INFORMATION PROVIDED START
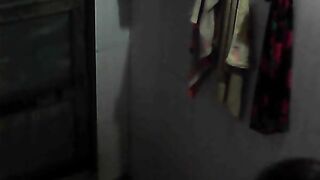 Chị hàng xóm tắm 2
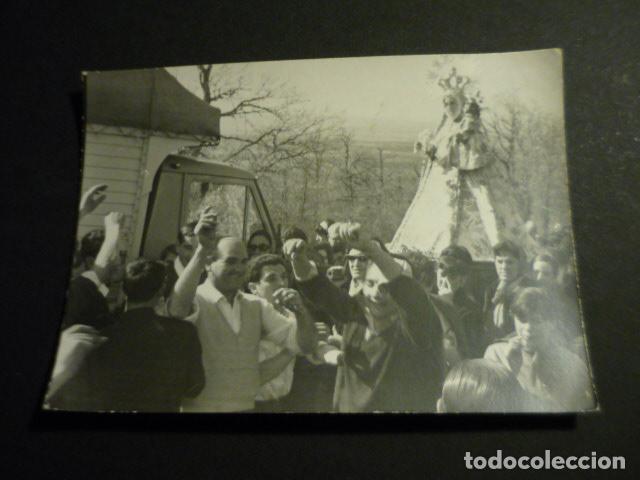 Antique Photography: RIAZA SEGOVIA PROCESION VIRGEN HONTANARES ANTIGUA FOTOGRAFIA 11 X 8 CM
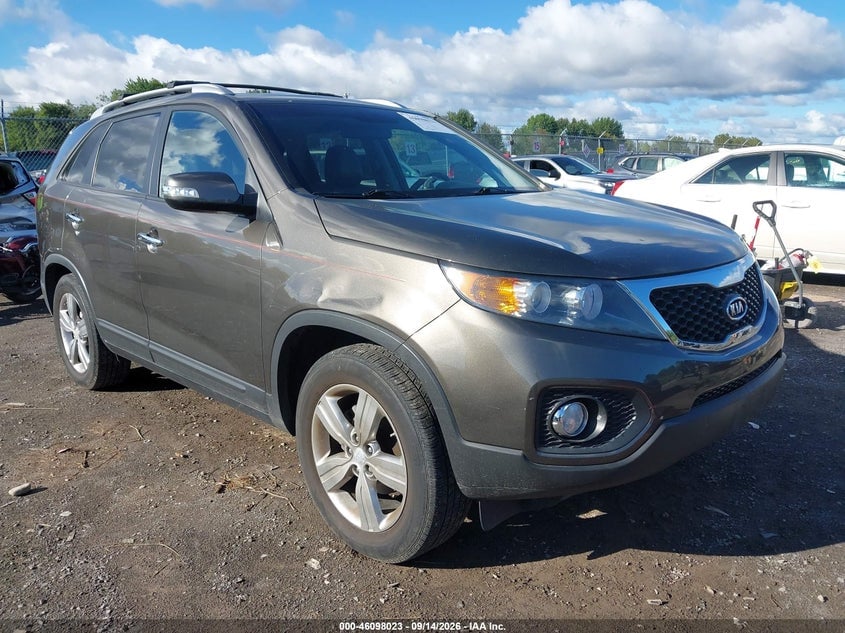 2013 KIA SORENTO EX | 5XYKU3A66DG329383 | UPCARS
INFORMATION PROVIDED END
INFORMATION PROVIDED START
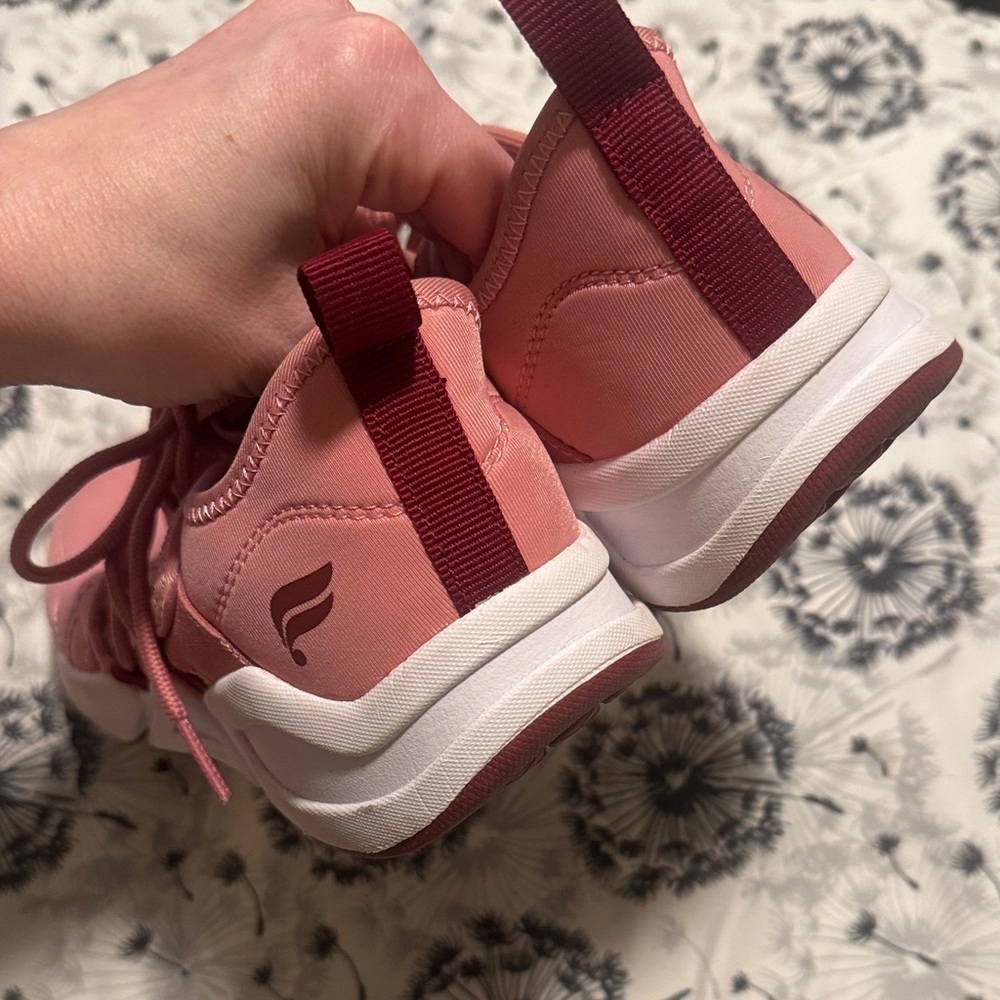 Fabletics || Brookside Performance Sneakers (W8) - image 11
INFORMATION PROVIDED END
INFORMATION PROVIDED START
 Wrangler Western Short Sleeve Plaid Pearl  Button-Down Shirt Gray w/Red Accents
INFORMATION PROVIDED END
ACTIVITY. Text only, no pictures: please print exactly the lines above from the line with "Chị hàng xóm tắm 2" up to and including the line with "2013 KIA SORENTO", and nothing else.

RESPONSE TO THIS EXERCISE.
 Chị hàng xóm tắm 2
 Antique Photography: RIAZA SEGOVIA PROCESION VIRGEN HONTANARES ANTIGUA FOTOGRAFIA 11 X 8 CM
 2013 KIA SORENTO EX | 5XYKU3A66DG329383 | UPCARS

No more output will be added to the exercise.